Take for instance energy efficiency targets. The EU 32.5% target achievement faces a deviation of 4-6% annually, and the energy efficiency progress – globally – is at a low point of 1% when it should be 3%, as confirmed by the International Energy Agency (IEA).

In the process of complying with the energy efficiency target, EU member states are in principle trying in parallel to decarbonise their energy system – from residential heating to the transport sector.

The European Commission asks for at least a 40% reduction in gas heating emission, while up to now a mere 6% in heating and cooling is attributed to clean sources, and subsidising fossil fuel heating is one of the main barriers to the energy transition.

Several member states with heavily carbonised economies, such as EU coal regions in transition, also made pledges for very ambitious targets on decarbonisation in the next 10-20 years, while they promised to shift all national financing – and respective EU funds – to clean fuels.

Is that so? The answer is, unfortunately, not entirely, as the European Environment Bureau recently demonstrated in a recent analysis showing how public subsidies for new gas boilers are wrecking the climate. Several member states still subsidise fossil fuels and will continue to do so under the veil of national social or climate policies.

Take for instance natural gas heaters, often an eligible measure under various energy efficiency programmes, subsidised through tax reductions, loans and grants, which claim to generate energy savings.

In addition, as they are reported in the countries’ National and Energy Climate Plans, these measures are supposed to contribute to the ambitious climate targets and the energy transition.

Even worse, countries like Greece, Italy, Poland and some Austrian regions provide energy efficiency subsidies even for oil and LPG heating systems, as long as they generate energy savings through the upgrading of oil or LPG heaters.

Next to these direct and indirect subsidies on fossil fuel technologies, several member states are also questioning and wielding vetoes to the EU green taxonomy plan pressing for using natural gas as transition fuel and also hydrogen from fossil fuel sources, as was indicated earlier this month though a pressure group of 10 countries (Bulgaria, Croatia, Cyprus, Czech Republic, Greece, Hungary, Malta, Poland, Romania, and Slovakia).

It is important of course to note that several member states with coal regions in transition and fossil fuel companies hide behind the hydrogen debate and particularly ‘blue hydrogen’. ‘Blue hydrogen’ is made by converting fossil gas into hydrogen with the CO2 captured and then stored.

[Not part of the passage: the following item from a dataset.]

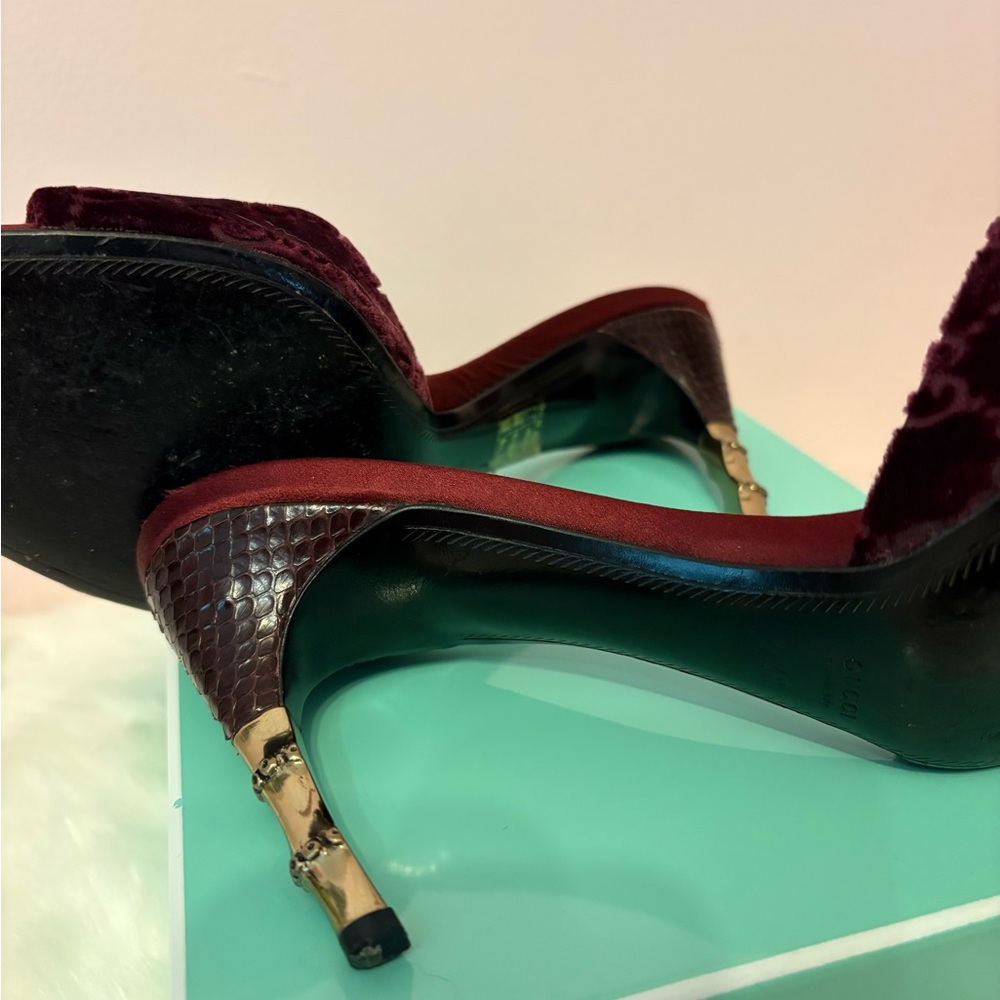 Gucci Burgundy Velvet Mules - Picture 6 of 15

This vetoing group of countries, through the support of some MPs in the European Parliament, insists on using natural gas for heating, obscuring thus to some extent the real intentions of decarbonising their heating and cooling sectors.

The aforementioned constitutes a gas trap that will create new lock-ins to this fossil fuel in the future.

The profiles of these countries are similar as they make use subsidies and loans for upgrading gas, LPG, oil heaters, shifting coal to gas, ranging from 40-75% subsidy rates, while their efforts on increasing renewable energy penetration in heating rely primarily on biomass (at a rate of 20% in average in RES heating).

To safeguard climate targets’ integrity against greenwashing measures, rules should be in place. The time is ripe for setting stricter criteria on the Just Transition Plans, the Recovery Plans and the Multiannual Financial Framework strategies of member states.

On the question of how to steer investors used to fossil fuel funding towards climate compliant measures, there are tools already available.

For instance, in the private sector, the EU Horizon 2020 Triple-A Tools provide functionalities to energy efficiency project developers and financing institutes linking profitable, EU Taxonomy compliant energy efficiency project ideas to real financing schemes.

Likewise, the recently finalised H2020 PROSPECT project involved more than 200 local and regional authorities in steering innovative financing to energy efficiency and climate friendly investments.